Wherever the line with "Snapshot of Cutegirl_789" sits in the listing below, transcribe from it up to and including the line with "In dieser Hütte", exactly, and leave the remaining lines out.

═════ Exercise materials

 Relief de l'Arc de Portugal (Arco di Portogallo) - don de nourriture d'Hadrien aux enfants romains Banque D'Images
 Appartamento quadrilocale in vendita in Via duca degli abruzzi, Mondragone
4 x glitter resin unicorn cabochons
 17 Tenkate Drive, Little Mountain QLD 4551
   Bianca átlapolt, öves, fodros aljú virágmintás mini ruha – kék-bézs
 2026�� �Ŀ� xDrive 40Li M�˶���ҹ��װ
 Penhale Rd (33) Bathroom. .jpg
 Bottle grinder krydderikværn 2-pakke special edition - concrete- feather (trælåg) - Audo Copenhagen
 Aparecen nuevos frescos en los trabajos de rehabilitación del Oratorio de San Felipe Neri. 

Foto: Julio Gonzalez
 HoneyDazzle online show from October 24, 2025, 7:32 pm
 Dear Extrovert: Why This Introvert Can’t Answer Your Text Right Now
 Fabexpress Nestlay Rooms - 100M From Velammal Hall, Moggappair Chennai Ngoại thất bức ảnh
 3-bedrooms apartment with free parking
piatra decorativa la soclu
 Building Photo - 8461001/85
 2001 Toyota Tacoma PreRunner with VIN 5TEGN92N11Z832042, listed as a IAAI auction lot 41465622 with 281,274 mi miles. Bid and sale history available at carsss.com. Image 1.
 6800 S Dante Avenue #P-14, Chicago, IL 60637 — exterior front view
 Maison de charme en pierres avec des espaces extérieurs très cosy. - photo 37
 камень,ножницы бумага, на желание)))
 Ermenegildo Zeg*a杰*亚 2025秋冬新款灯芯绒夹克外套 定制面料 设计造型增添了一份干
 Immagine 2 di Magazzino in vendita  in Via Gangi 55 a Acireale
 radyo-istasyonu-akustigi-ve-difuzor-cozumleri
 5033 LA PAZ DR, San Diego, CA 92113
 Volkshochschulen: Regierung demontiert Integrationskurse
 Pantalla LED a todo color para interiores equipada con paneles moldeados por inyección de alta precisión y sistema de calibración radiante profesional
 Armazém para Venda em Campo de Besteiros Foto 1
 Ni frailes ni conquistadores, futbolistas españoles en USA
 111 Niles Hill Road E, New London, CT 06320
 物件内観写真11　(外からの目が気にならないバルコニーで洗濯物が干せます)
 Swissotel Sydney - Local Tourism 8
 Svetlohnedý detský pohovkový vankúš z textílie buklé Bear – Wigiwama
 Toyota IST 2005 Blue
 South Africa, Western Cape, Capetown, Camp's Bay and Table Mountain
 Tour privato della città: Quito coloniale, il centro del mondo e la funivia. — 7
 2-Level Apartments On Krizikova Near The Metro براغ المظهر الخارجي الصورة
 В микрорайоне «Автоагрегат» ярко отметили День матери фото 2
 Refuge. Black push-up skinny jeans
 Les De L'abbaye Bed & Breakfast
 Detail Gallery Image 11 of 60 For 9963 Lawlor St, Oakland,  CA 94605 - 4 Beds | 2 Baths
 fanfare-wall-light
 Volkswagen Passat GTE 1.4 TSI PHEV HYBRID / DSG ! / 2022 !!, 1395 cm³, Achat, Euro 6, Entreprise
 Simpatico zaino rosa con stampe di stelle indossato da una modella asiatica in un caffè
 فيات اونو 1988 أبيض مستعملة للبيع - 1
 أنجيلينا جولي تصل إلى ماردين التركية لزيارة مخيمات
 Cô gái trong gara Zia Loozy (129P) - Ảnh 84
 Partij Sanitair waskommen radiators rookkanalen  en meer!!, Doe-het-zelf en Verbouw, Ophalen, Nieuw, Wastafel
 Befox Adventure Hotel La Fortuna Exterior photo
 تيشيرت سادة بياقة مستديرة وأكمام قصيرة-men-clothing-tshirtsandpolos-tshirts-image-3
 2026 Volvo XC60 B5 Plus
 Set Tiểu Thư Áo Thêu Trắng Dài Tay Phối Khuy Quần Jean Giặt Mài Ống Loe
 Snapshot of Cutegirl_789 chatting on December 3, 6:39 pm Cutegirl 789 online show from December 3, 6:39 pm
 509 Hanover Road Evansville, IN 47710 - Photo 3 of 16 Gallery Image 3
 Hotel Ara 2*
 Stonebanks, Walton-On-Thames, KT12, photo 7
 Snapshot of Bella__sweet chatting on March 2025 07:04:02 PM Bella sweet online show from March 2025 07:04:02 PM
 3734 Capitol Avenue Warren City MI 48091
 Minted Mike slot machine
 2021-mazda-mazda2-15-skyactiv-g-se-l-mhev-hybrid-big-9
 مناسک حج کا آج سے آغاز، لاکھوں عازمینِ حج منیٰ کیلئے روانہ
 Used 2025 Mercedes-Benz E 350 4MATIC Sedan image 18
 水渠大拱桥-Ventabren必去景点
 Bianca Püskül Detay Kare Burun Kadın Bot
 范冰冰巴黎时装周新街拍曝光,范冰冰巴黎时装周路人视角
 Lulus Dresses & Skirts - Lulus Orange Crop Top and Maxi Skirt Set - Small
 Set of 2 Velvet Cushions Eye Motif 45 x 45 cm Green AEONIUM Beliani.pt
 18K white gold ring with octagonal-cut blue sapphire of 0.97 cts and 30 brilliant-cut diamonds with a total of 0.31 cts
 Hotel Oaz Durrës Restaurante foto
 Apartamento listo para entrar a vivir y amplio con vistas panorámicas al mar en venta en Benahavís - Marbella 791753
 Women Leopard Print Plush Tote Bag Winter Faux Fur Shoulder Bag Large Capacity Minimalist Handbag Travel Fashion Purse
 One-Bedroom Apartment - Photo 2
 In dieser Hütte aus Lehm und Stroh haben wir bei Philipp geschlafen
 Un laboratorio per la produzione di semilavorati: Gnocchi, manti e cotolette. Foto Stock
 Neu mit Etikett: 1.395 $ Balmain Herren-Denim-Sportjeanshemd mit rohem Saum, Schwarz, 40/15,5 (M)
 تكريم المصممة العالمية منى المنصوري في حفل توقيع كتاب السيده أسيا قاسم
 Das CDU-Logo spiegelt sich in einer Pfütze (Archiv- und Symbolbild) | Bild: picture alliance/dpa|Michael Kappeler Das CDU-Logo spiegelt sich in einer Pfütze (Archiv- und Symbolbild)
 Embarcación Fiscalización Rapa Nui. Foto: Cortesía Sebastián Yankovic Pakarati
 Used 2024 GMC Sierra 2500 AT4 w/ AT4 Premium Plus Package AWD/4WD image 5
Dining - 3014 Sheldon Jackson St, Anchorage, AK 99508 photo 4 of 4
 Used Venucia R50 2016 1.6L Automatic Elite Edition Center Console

══════════

- Exercise solution:
 Snapshot of Cutegirl_789 chatting on December 3, 6:39 pm Cutegirl 789 online show from December 3, 6:39 pm
 509 Hanover Road Evansville, IN 47710 - Photo 3 of 16 Gallery Image 3
 Hotel Ara 2*
 Stonebanks, Walton-On-Thames, KT12, photo 7
 Snapshot of Bella__sweet chatting on March 2025 07:04:02 PM Bella sweet online show from March 2025 07:04:02 PM
 3734 Capitol Avenue Warren City MI 48091
 Minted Mike slot machine
 2021-mazda-mazda2-15-skyactiv-g-se-l-mhev-hybrid-big-9
 مناسک حج کا آج سے آغاز، لاکھوں عازمینِ حج منیٰ کیلئے روانہ
 Used 2025 Mercedes-Benz E 350 4MATIC Sedan image 18
 水渠大拱桥-Ventabren必去景点
 Bianca Püskül Detay Kare Burun Kadın Bot
 范冰冰巴黎时装周新街拍曝光,范冰冰巴黎时装周路人视角
 Lulus Dresses & Skirts - Lulus Orange Crop Top and Maxi Skirt Set - Small
 Set of 2 Velvet Cushions Eye Motif 45 x 45 cm Green AEONIUM Beliani.pt
 18K white gold ring with octagonal-cut blue sapphire of 0.97 cts and 30 brilliant-cut diamonds with a total of 0.31 cts
 Hotel Oaz Durrës Restaurante foto
 Apartamento listo para entrar a vivir y amplio con vistas panorámicas al mar en venta en Benahavís - Marbella 791753
 Women Leopard Print Plush Tote Bag Winter Faux Fur Shoulder Bag Large Capacity Minimalist Handbag Travel Fashion Purse
 One-Bedroom Apartment - Photo 2
 In dieser Hütte aus Lehm und Stroh haben wir bei Philipp geschlafen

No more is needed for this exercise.